2017年11月09日

≪おすすめ本≫阿部 岳『ルポ 沖縄 国家の暴力 現場記者が見た「高江165日」の真実』 米軍ヘリパッド建設─反対する住民を暴力で排除する現場で闘う記者魂=鈴木耕(編集者)

 10月11日、沖縄県東村高江区の人家から、わずか300メートル離れた私有地に米軍の大型ヘリが墜落した。この事故を沖縄の記者たちは、どんな思いで受け止めたか? 本書の著者である「沖縄タイムス」の阿部岳記者の心の中は、あの高江だからこそ、煮えくり返らんばかりだったろう。

 那覇からは車で高速道路を使っても、2時間以上かかる沖縄本島北部の静かな村。その中心部から、さらに離れた高江という、わずか150人ほどが住む集落を取り囲むように、6カ所の米軍ヘリパッドが造られた。
 静かな住民の暮らしを根底から破壊するもの以外の何物でもない。しかも、あの危険な欠陥機オスプレイの訓練に使用されることすら、住民には事前に説明されなかった。当然、長い反対運動が始まる。

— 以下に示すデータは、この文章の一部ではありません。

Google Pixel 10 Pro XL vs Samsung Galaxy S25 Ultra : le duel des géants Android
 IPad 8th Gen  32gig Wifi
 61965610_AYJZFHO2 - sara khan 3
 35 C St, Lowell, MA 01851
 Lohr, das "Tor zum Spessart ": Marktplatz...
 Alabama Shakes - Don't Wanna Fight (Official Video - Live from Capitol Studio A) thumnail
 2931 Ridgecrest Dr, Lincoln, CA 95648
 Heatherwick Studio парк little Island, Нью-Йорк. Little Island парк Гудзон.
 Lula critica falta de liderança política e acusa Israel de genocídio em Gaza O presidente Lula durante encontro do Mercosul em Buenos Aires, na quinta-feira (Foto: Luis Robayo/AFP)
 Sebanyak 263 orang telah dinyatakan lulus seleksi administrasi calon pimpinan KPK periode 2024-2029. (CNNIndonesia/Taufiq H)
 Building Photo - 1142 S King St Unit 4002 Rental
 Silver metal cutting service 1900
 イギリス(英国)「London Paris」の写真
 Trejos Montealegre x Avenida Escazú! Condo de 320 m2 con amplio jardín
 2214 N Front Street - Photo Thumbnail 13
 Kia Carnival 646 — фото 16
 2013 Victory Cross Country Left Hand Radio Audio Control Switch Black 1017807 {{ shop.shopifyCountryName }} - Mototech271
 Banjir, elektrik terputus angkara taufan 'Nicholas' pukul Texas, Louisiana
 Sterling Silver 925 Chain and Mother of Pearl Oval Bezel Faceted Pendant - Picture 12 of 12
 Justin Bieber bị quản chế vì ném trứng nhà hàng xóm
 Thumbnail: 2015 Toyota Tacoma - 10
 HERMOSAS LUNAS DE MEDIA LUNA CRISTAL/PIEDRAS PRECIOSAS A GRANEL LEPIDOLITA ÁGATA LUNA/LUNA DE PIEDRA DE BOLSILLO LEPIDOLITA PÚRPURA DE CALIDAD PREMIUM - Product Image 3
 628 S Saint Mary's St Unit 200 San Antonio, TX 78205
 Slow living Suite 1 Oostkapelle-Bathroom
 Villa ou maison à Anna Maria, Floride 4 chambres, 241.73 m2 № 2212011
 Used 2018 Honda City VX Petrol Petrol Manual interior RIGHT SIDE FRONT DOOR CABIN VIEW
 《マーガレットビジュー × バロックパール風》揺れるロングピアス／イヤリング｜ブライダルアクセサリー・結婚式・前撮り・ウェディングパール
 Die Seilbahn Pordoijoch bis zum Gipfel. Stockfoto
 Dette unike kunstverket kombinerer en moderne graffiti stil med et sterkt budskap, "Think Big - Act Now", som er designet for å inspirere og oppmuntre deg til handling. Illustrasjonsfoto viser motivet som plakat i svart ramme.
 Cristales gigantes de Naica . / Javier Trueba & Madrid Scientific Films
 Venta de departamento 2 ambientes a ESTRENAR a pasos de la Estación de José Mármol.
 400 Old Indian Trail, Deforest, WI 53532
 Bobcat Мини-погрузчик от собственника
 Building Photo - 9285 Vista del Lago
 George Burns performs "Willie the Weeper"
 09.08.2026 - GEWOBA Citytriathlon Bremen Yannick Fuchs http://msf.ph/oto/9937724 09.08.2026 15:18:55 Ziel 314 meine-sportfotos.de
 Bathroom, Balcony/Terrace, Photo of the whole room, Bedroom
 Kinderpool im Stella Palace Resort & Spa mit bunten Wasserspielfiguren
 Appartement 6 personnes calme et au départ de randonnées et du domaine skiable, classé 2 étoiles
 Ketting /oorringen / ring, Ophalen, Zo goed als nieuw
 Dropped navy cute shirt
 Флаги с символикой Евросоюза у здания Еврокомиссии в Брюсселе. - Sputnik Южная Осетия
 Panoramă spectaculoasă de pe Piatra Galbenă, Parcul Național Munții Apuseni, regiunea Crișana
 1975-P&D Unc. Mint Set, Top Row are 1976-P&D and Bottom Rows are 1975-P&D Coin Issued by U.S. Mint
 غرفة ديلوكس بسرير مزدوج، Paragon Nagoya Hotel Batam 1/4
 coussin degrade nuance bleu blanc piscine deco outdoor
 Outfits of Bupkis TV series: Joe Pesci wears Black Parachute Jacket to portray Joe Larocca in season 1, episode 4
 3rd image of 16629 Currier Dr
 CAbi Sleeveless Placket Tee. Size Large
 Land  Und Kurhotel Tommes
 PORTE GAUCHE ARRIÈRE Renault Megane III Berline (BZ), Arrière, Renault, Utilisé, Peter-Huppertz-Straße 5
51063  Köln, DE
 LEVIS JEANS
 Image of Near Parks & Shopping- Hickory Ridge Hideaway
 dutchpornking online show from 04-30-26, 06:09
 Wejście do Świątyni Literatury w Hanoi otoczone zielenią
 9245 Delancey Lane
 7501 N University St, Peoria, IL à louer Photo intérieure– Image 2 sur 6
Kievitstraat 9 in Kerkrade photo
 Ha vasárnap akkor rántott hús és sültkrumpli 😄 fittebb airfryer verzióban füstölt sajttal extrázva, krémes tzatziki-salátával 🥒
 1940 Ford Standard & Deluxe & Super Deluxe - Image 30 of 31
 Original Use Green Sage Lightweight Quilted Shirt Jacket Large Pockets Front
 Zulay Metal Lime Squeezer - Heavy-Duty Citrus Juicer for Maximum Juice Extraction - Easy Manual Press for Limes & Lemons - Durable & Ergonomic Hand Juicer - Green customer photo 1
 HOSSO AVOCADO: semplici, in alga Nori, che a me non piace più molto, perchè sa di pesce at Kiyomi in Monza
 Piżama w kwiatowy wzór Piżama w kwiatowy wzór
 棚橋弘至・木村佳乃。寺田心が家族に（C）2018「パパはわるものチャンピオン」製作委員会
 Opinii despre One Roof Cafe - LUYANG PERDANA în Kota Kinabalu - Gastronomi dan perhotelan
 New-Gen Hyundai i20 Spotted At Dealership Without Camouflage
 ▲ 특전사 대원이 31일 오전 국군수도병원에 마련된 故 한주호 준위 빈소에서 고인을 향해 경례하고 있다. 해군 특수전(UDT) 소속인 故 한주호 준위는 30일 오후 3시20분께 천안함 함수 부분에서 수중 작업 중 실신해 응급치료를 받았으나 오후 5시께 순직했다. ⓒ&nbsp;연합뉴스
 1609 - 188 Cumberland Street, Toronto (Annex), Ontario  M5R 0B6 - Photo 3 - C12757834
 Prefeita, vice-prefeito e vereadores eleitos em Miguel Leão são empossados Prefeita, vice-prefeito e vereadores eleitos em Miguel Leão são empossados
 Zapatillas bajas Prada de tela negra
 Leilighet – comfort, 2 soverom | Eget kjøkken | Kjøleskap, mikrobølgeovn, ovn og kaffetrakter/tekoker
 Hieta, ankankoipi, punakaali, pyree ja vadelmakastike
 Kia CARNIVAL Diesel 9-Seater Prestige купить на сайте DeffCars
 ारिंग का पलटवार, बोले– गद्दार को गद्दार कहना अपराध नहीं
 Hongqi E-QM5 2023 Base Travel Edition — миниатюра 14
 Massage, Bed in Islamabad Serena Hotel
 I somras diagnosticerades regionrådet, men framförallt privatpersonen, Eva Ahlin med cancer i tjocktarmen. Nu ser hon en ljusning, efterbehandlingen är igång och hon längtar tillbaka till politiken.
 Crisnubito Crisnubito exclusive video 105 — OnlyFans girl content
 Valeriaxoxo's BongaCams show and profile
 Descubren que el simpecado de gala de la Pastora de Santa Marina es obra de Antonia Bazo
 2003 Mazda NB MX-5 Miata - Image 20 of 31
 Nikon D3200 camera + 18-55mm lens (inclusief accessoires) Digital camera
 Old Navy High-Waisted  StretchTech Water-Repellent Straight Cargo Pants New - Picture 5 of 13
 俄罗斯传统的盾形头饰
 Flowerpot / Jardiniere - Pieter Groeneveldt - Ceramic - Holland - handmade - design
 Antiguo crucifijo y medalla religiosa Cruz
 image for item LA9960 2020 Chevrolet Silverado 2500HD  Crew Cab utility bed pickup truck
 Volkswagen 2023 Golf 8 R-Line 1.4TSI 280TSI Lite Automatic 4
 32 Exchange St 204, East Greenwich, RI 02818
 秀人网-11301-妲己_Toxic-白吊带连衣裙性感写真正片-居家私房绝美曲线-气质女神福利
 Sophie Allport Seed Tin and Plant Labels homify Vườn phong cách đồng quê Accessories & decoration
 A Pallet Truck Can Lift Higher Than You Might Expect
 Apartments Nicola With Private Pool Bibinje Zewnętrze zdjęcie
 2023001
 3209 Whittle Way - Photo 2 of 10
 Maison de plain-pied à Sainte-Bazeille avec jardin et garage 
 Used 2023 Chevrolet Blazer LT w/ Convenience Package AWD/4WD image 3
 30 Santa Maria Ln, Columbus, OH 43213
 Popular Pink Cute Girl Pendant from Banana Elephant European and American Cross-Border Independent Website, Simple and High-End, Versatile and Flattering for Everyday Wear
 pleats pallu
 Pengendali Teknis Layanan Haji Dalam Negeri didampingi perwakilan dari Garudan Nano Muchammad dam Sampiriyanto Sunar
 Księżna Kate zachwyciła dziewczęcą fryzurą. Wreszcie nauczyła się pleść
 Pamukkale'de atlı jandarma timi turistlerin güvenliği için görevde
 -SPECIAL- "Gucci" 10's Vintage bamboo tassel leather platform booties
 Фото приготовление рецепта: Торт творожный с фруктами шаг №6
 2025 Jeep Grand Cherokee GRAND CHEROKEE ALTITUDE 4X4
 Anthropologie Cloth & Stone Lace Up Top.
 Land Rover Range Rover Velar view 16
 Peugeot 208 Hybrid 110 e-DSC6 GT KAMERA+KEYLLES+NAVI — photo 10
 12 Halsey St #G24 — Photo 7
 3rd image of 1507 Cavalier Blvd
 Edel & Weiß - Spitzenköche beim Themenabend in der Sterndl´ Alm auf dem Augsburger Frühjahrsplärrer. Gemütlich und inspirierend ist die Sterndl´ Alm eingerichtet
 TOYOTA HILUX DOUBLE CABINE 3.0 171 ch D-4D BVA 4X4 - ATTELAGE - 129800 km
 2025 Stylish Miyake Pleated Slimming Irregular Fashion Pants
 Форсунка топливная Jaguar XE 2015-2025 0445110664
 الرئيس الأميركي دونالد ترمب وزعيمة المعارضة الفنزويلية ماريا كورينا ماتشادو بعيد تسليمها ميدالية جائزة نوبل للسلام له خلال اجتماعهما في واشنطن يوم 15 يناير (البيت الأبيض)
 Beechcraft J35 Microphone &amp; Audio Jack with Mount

 沖縄県民でさえ聞いたこともないような僻地での孤独な闘いに、沖縄の記者たちは通いつめる。そしてそこで見たもの、体験したことこそ、初めて目にするほどの異様な「国家の暴力」だった。
 日本全国から投入された機動隊の荒々しさ。記者を拘束し、住民に「土人!」と罵声を浴びせ、抵抗者は逮捕。微罪で5カ月も長期勾留された山城博治さんの事例など、本書は「国家の暴力」そのものを抉りだす。

 私は阿部記者とは少し面識がある。冷静沈着で温和なジャーナリストだ。その著者がこれほど檄した文章を紙面に叩きつけざるを得なかったところに、沖縄の怒りと悲しみが見える。圧政とデマと偏見に抗して闘う記者魂に胸が熱くなる。